Episode Report Card Sars: D | Grade It Now! YOU GRADE IT First Encounters Of The Close Kind
By Sars | Season 3 | Episode 10 | Aired on 12.14.1999
Joey knocks on the door of Room 381 in a dorm, then lets herself in to find a guy sitting cross-legged on his desk and working on -- what else? -- an iBook. She tries to introduce herself; he shushes her. A.J. has a "GO REVS" sign hanging on the wall behind him, and why a guy who looks like a seventh-generation photocopy of Chris O'Donnell in Scent Of A Woman has the logo of one of New York City's most famous graffiti taggers on his wall escapes me. Anyhow. A way-too-long, not-at-all-funny-even-unintentionally exchange ensues regarding the respective genders of A.J. Moller (the guy on the desk) and "Potter comma Joseph" (Joey), during which many unnecessarily long words are employed and the aforementioned A.J. acts like a right prick, talking down to Joey, sneering the words "high school" about a dozen times, and stopping just short of singing "baby, baby, stick your head in gravy" to her. Joey announces that she won't stay with him. A.J. basically dares her to do just that, telling her in a voice dripping with disdain that if she can't handle the co-ed experience, "maybe [she] should be visiting women's colleges instead." ["Wendy Shalit pops up from behind his bookshelf and yells, 'Yeah! You shouldn't even be talking to this guy without a chaperone anyway!'" -- Wing Chun] Joey glares at him, sets her jaw, and throws her bag down. Way to take the bait, Joey. A.J. then kicks her out of his room so that he can finish writing a paper, using a borderline-offensive Native American accent to do so. Joey objects. A.J. makes yet another snippy comment about her age, follows it with a pretty funny line about "idiot Econ majors playing Nerf basketball" in the hall, and gets back to ignoring her. Joey gathers her bag and leaves, slamming the door behind her. Hey, Mr. Stupin? Katharine Hepburn and Spencer Tracy called -- they want to know why their checks haven't arrived.
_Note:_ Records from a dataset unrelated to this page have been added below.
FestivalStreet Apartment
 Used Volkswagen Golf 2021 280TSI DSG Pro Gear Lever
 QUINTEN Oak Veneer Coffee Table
Andie comes upon Jack outside, looking at a book. When she inquires as to what he's reading, Jack stows the book behind his back and stammers that it's a "guidebook to Boston." Andie hopes he didn't plan to "going off in search of Thoreau's butt-print at Walden Pond." Whaaaat? Jack says no, he hadn't planned on doing that. Andie suggests that Jack go to an art museum, and finally she leaves Jack in peace. After she's gone, Jack takes the book out again. It's the Pink Pages.
Andie percolates over to the admissions office, which looks like a living room, and announces herself to the secretary. The secretary -- played by Marla Gibbs, whose residual checks from 227 must have run out or something -- tells Andie that her appointment isn't until March. Okay, sidebar. At Ivy League universities, an interview with an admissions officer has pretty much no influence at all over whether or not a student gets admitted. You'd think Andie would know that. You'd think she'd also know that the dean of admissions has better things to do in March of any given year than meet with a junior -- things like, say, admitting next year's freshman class, of which Andie has zero hope of ever becoming a member, because she falsified her answers on a standardized test. Nnnnnnnnext! Oh, wait, maybe she does have hope, because apparently Angry McPhee (tm Kisle) went to Harvard. Andie and Marla bond over their shared status as daddy's girls (don't ask), and Andie hopes she can get a quick meeting with the dean anyway. Marla shoots her down, saying that everyone else there has an appointment that day. I'd see Marla's point, but she's sitting in the most deserted admissions-office lobby in the history of higher education. Still, Andie looks crestfallen.